Certains documents détaillant les violences subies par les élèves des pensionnats autochtones pourront être détruits d'ici deux ans en vertu d'un arrêt de la Cour suprême du Canada, rendu public vendredi.

La décision unanime du plus haut tribunal du pays clarifie cet enjeu qui opposait le droit à la vie privée des victimes à l'importance de documenter ce chapitre sombre des relations entre le Canada et les peuples autochtones.

Pendant plus d'un siècle, des dizaines de milliers d'enfants autochtones ont dû fréquenter des pensionnats financés par le gouvernement fédéral et principalement administrés par des institutions religieuses. Les élèves, coupés de leur culture, s'y faisaient interdire de parler leur langue.

Certains d'entre eux ont témoigné de violences physiques, sexuelles et psychologiques dans le cadre d'une évaluation indépendante visant à leur verser l'indemnisation prévue par un règlement à l'amiable intervenu en 2006.

Les documents en question portent sur plus de 37 000 demandes présentées dans le cadre de ce processus d'évaluation indépendant.

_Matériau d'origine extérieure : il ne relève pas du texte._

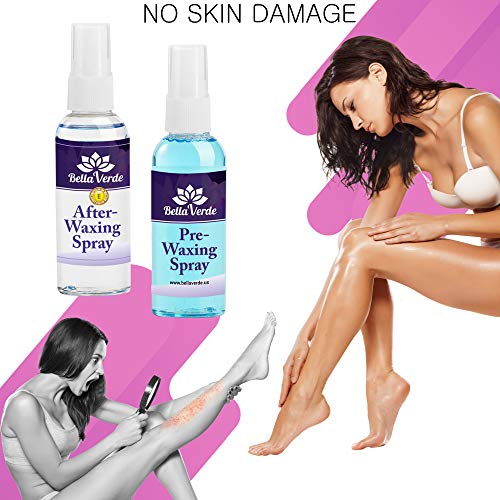 Wax Warmer Home Waxing Kit - Wax Kit for Hair Removal Wax Pot Professional with LED Display and 5 Bags Painless Hard Wax Beans, 20 Wax Sticks for Face, Legs, Arms, Bikini - Thumbnail 5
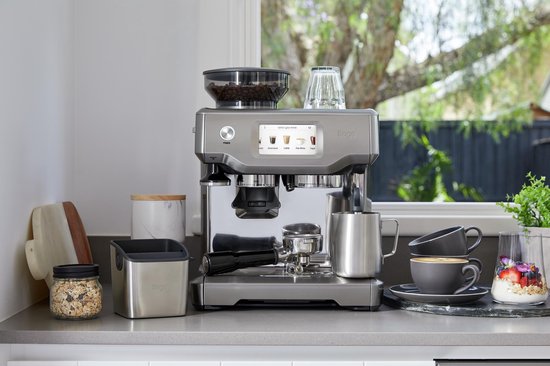 Sage the Barista Touch™ Geborsteld RVS Pistonmachine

La Cour suprême a maintenu le jugement d'un tribunal inférieur selon lequel le matériel devait être détruit après 15 ans, à moins que les survivants ou présumés auteurs des violences acceptent que leur récit soit conservé au Centre national pour la vérité et réconciliation à Winnipeg.

Dans les motifs du jugement, la cour a souligné que les négociateurs du règlement voulaient que le processus soit confidentiel et privé - ce sur quoi comptaient les participants.

L'adjudicateur en chef, Dan Shapiro, s'est réjoui que les survivants soient maîtres de l'utilisation de leur histoire personnelle. Il souligne que plusieurs demandeurs lui ont confié qu'ils n'auraient pas raconté leur expérience sans la garantie que leurs proches n'en prendraient pas connaissance, pas même après leur mort.

Droit à la vie privée contre valeur historique

La Cour supérieure de l'Ontario devra maintenant approuver un programme destiné à informer tous les demandeurs de la possibilité d'archiver leurs documents.

L'Assemblée des Premières Nations avait averti la Cour suprême que casser la décision initiale constituerait un autre abus de la confiance des Autochtones maltraités dans leur enfance.

Puisque certains cas ont été résolus dès 2004, la destruction de documents pourra s'amorcer en 2019, a précisé M. Shapiro.

Le gouvernement fédéral faisait pour sa part valoir que les documents devaient être entièrement préservés afin de s'assurer que ce qui s'est produit dans les pensionnats autochtones ne soit jamais oublié.

Il affirmait que les lois fédérales gouvernant l'accès à l'information, le droit à la vie privée et les archives offraient l'équilibre nécessaire pour conserver les documents ayant une valeur historique tout en protégeant la vie privée et la confidentialité.

La ministre des Relations Couronne-Autochtones, Carolyn Bennett, s'est dite déçue parce que les documents auraient permis une analyse approfondie des problèmes systémiques liés aux pensionnats.

M. Shapiro a rappelé que les survivants des pensionnats ont déjà fait part de leurs expériences dans plus de 7000 déclarations auprès de la Commission de vérité et réconciliation.